Here's the error in the compute logs:
/var/log/upstart/nova-compute.log:2015-06-18 18:34:06.507 10070 DEBUG nova.compute.manager [req-4e2ab669-abdb-419a-b9ca-1740af96e154 - - - - -] [instance: b8aa993c-6526-4565-b6e6-ee0a82d0a73a] Synchronizing instance power state after lifecycle event "Stopped"; current vm_state: active, current task_state: rebuilding, current DB power_state: 1, VM power_state: 4 handle_lifecycle_event /usr/lib/python2.7/dist-packages/nova/compute/manager.py:1241
/var/log/upstart/nova-compute.log:2015-06-18 18:34:06.539 10070 INFO nova.compute.manager [req-4e2ab669-abdb-419a-b9ca-1740af96e154 - - - - -] [instance: b8aa993c-6526-4565-b6e6-ee0a82d0a73a] During sync_power_state the instance has a pending task (rebuilding). Skip.

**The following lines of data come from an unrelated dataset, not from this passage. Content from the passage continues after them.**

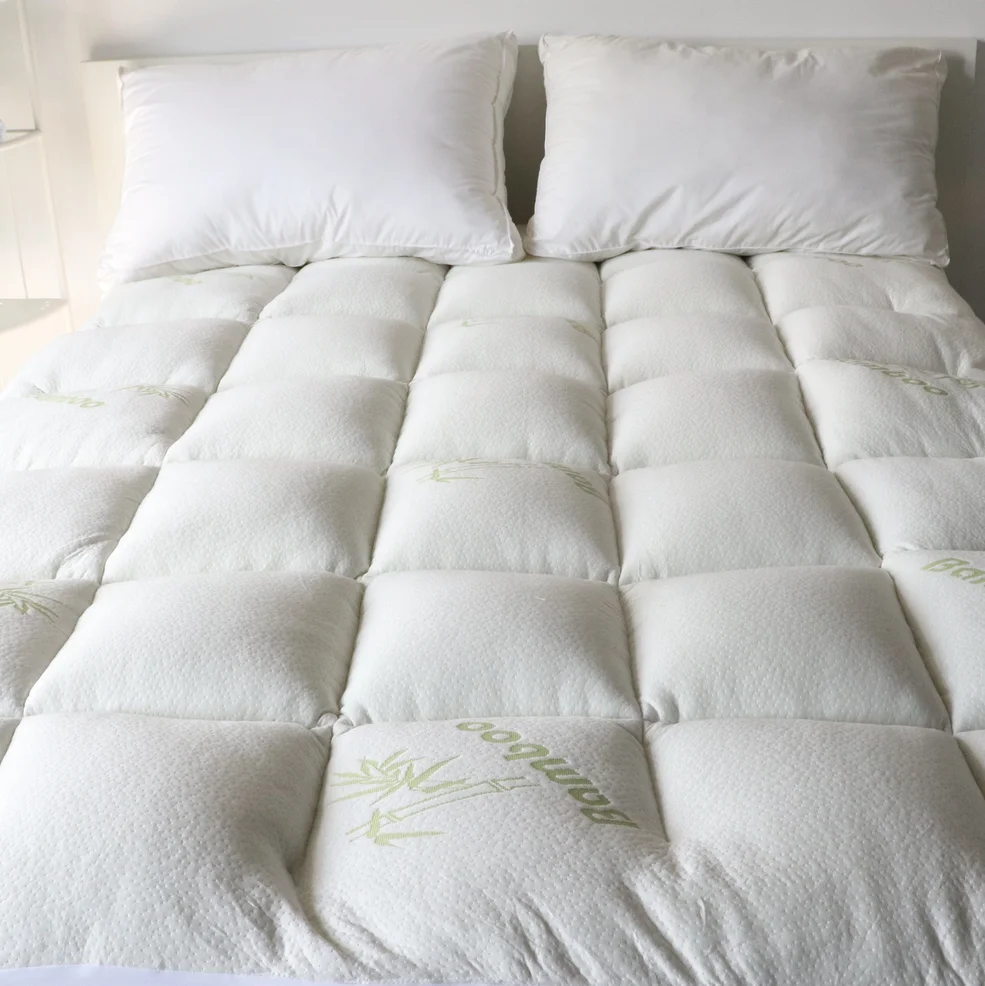 Summer Cooling Jacquard Mattress Protector 100% Waterproof Bamboo Quilt Mattress Topper For Home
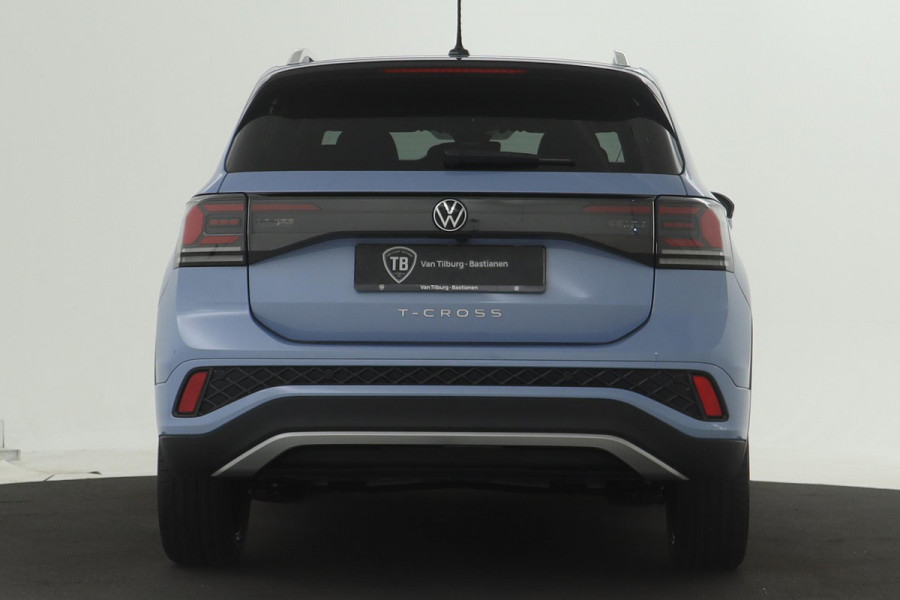Volkswagen T-Cross Volkswagen R-Line | 'App-Connect' draadloze smartphone integratie | Achterlichten LED | Afstandscontrolesysteem (Front Assist)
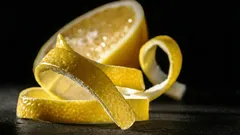 レモンの皮を捨てないで:家でできる5つの意外な活用法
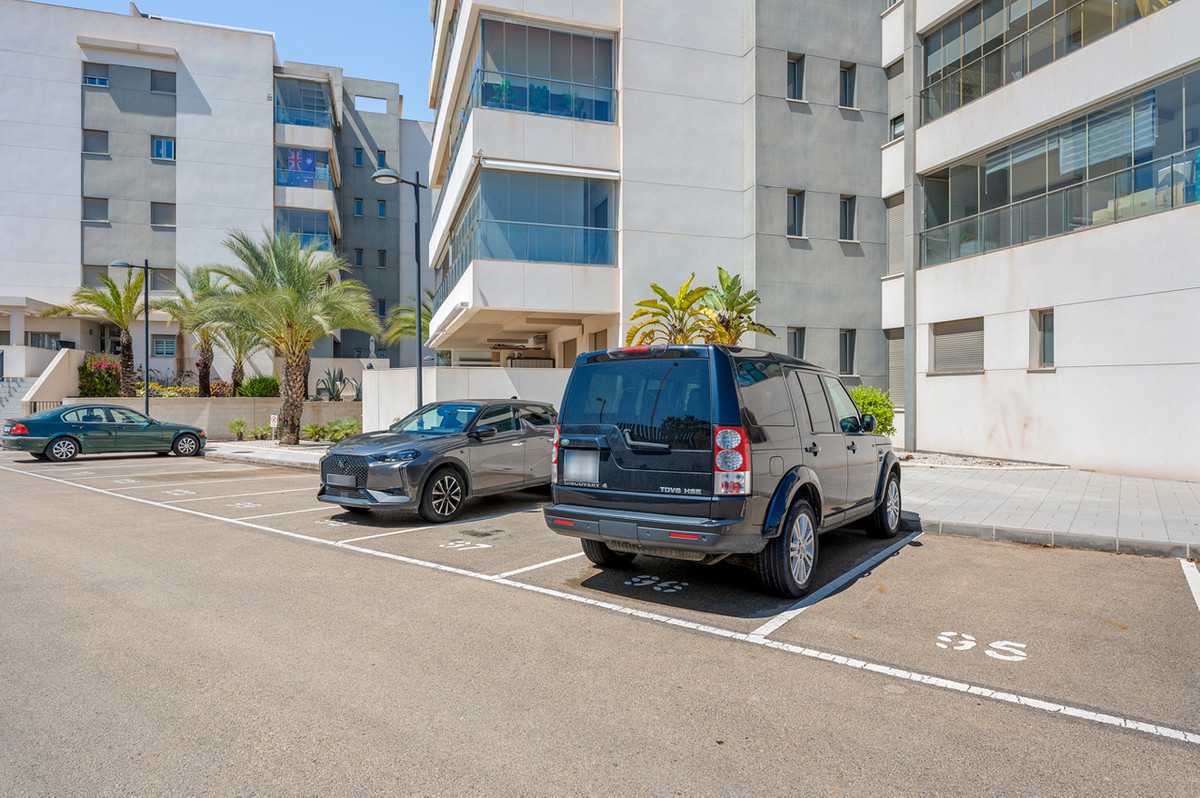 For sale - 2 Bedroom 2 Bathroom Apartment - Middle Floor Apartment in Orihuela - Los Dolses  - Alicante
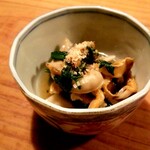 肴町 匙 - 貝ひもと春菊の煮浸し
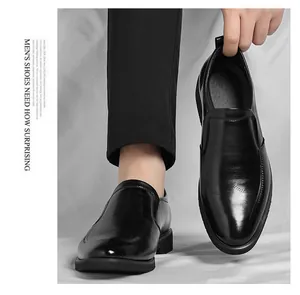 Gros plan sur des mocassins noirs pour hommes, chaussures de ville en cuir poli.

/var/log/upstart/nova-compute.log:2015-06-18 18:34:06.802 10070 DEBUG nova.virt.libvirt.vif [req-d0ff8267-74b1-4d7e-9d8e-5df65f5782b4 8ca1f02ca85e4211ad943acce23488ac 5f4ecb18ba284692baae27b87abf1f2b - - -] vif_type=ovs instance=Instance(access_ip_v4=None,access_ip_v6=None,architecture=None,auto_disk_config=False,availability_zone=None,cell_name=None,cleaned=False,config_drive='',created_at=2015-06-18T22:10:32Z,default_ephemeral_device=None,default_swap_device=None,deleted=False,deleted_at=None,disable_terminate=False,display_description='snapme',display_name='bug',ephemeral_gb=0,ephemeral_key_uuid=None,fault=<?>,flavor=Flavor(58),host='compute4.prod.cloud.gtcomm.net',hostname='snapme',id=331,image_ref='3fc7d726-2863-475a-8b3d-2eecfee32b32',info_cache=InstanceInfoCache,instance_type_id=58,kernel_id='',key_data=None,key_name=None,launch_index=0,launched_at=2015-06-18T22:10:41Z,launched_on='compute4.prod.cloud.gtcomm.net',locked=False,locked_by=None,memory_mb=2048,metadata={meta_var='example'},new_flavor=None,node='compute4.prod.cloud.gtcomm.net',numa_topology=<?>,old_flavor=None,os_type=None,pci_devices=<?>,pci_requests=<?>,power_state=1,progress=0,project_id='5f4ecb18ba284692baae27b87abf1f2b',ramdisk_id='',reservation_id='r-f7lxpv8y',root_device_name='/dev/vda',root_gb=20,scheduled_at=None,security_groups=SecurityGroupList,shutdown_terminate=False,system_metadata={image_base_image_ref='14d59af7-8e21-4e26-82dc-290308edd899',image_container_format='bare',image_disk_format='raw',image_image_location='snapshot',image_image_state='available',image_image_type='snapshot',image_instance_uuid='b8aa993c-6526-4565-b6e6-ee0a82d0a73a',image_min_disk='20',image_min_ram='0',image_network_allocated='True',image_owner_id='5f4ecb18ba284692baae27b87abf1f2b',image_user_id='8ca1f02ca85e4211ad943acce23488ac',network_allocated='True'},tags=<?>,task_state='rebuilding',terminated_at=None,updated_at=2015-06-18T22:34:04Z,user_data='I2Nsb3VkLWNvbmZpZwpkaXNhYmxlX3Jvb3Q6IDAKc3NoX3B3YXV0aDogMQpwYXNzd29yZDogdGVzdHRlc3QKY2hwYXNzd2Q6IHsgZXhwaXJlOiBGYWxzZSB9CmJvb3RjbWQ6CiAtIGlmY29uZmlnIGV0aDEgMTczLjIwOS40NC4xMjcgbmV0bWFzayAyNTUuMjU1LjI1NS4wCiAtIHJvdXRlIGFkZCBkZWZhdWx0IGd3IDE3My4yMDkuNDQuMQogLSByb3V0ZSBkZWwgZGVmYXVsdCBndyAxMC4wLjAuMQogLSBlY2hvICduYW1lc2VydmVyIDguOC44LjgnID4gL2V0Yy9yZXNvbHYuY29uZg==',user_id='8ca1f02ca85e4211ad943acce23488ac',uuid=b8aa993c-6526-4565-b6e6-ee0a82d0a73a,vcpu_model=<?>,vcpus=2,vm_mode=None,vm_state='active') vif=VIF({'profile ...
I can also add that booting an instance from a snapshot does not work anymore.